TASK STATEMENT: The response should contain only the line with "Bamoer 925 srebro" and every line after it to the end of the listing below, duplicated exactly; no picture belongs in it.

DATA FOR REVIEW:
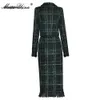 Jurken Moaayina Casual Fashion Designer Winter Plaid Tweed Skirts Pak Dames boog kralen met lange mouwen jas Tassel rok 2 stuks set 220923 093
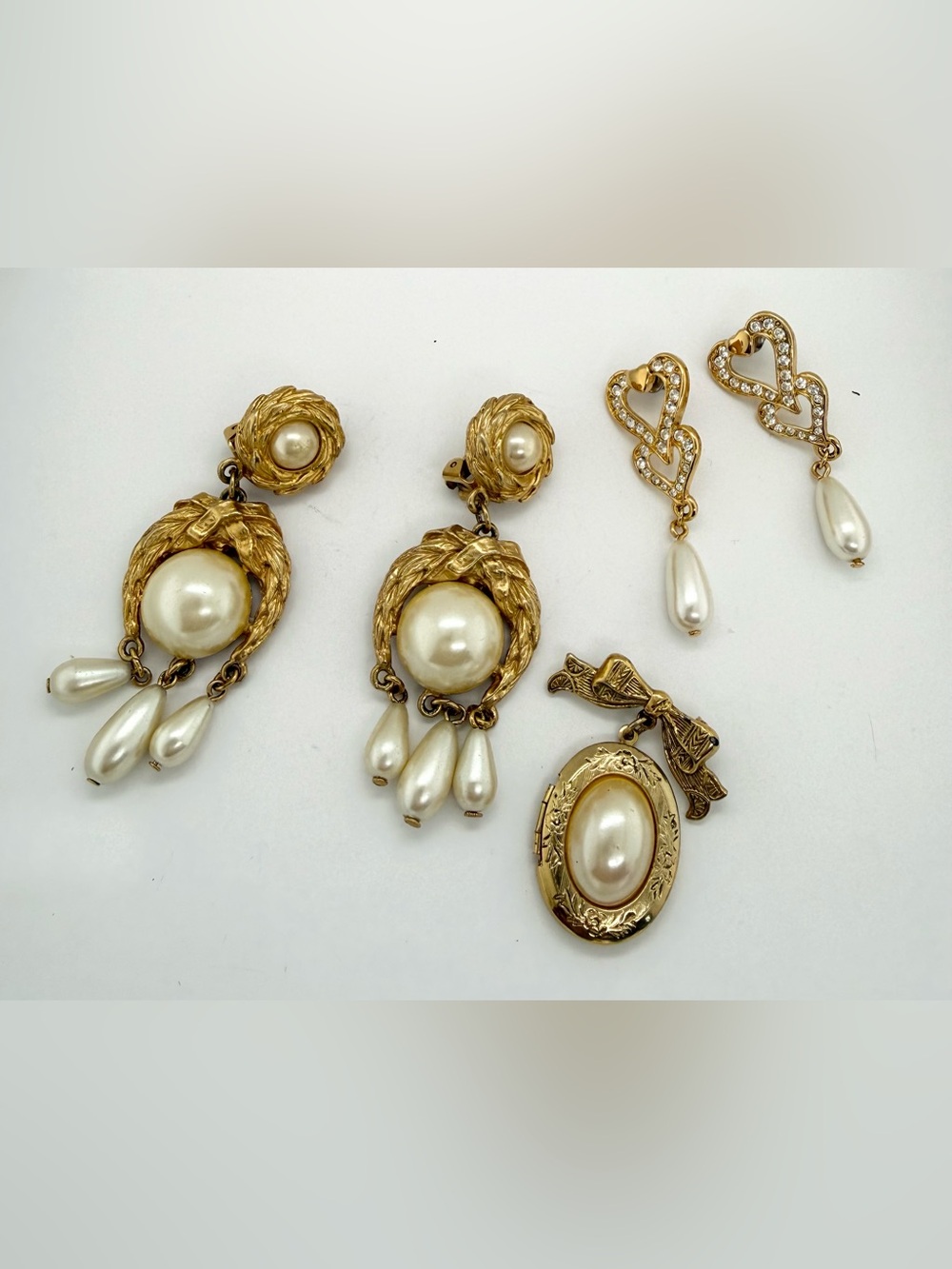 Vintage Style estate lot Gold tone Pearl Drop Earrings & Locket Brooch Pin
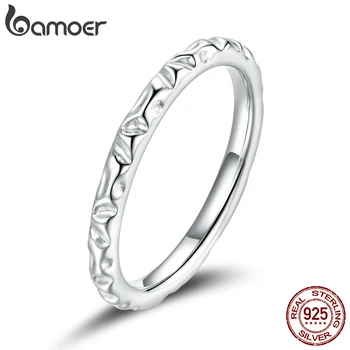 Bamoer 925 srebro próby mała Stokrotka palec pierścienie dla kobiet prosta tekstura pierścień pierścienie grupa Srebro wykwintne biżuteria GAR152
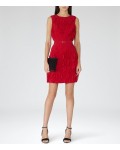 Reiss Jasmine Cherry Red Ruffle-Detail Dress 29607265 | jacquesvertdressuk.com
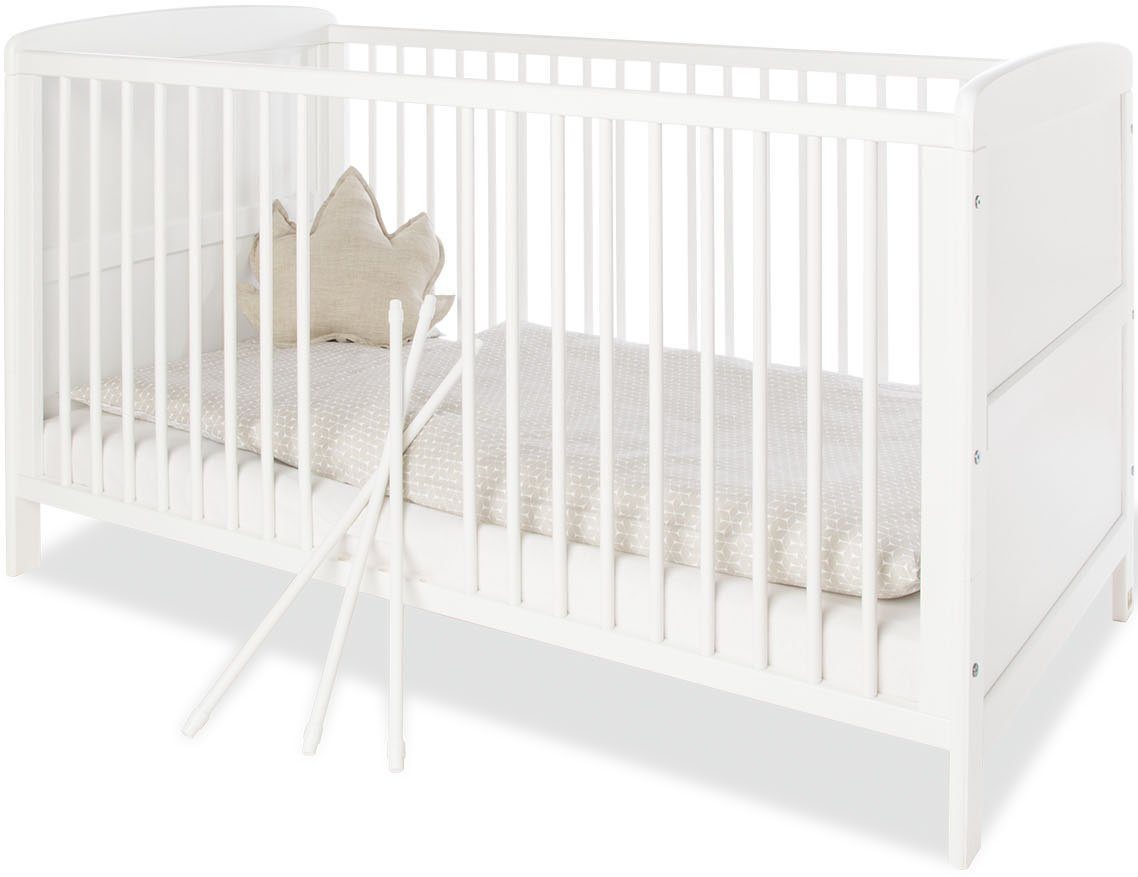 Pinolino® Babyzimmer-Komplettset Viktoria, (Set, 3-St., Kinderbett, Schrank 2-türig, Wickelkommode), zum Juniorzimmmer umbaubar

SOLUTION:
 Bamoer 925 srebro próby mała Stokrotka palec pierścienie dla kobiet prosta tekstura pierścień pierścienie grupa Srebro wykwintne biżuteria GAR152
 Reiss Jasmine Cherry Red Ruffle-Detail Dress 29607265 | jacquesvertdressuk.com
 Pinolino® Babyzimmer-Komplettset Viktoria, (Set, 3-St., Kinderbett, Schrank 2-türig, Wickelkommode), zum Juniorzimmmer umbaubar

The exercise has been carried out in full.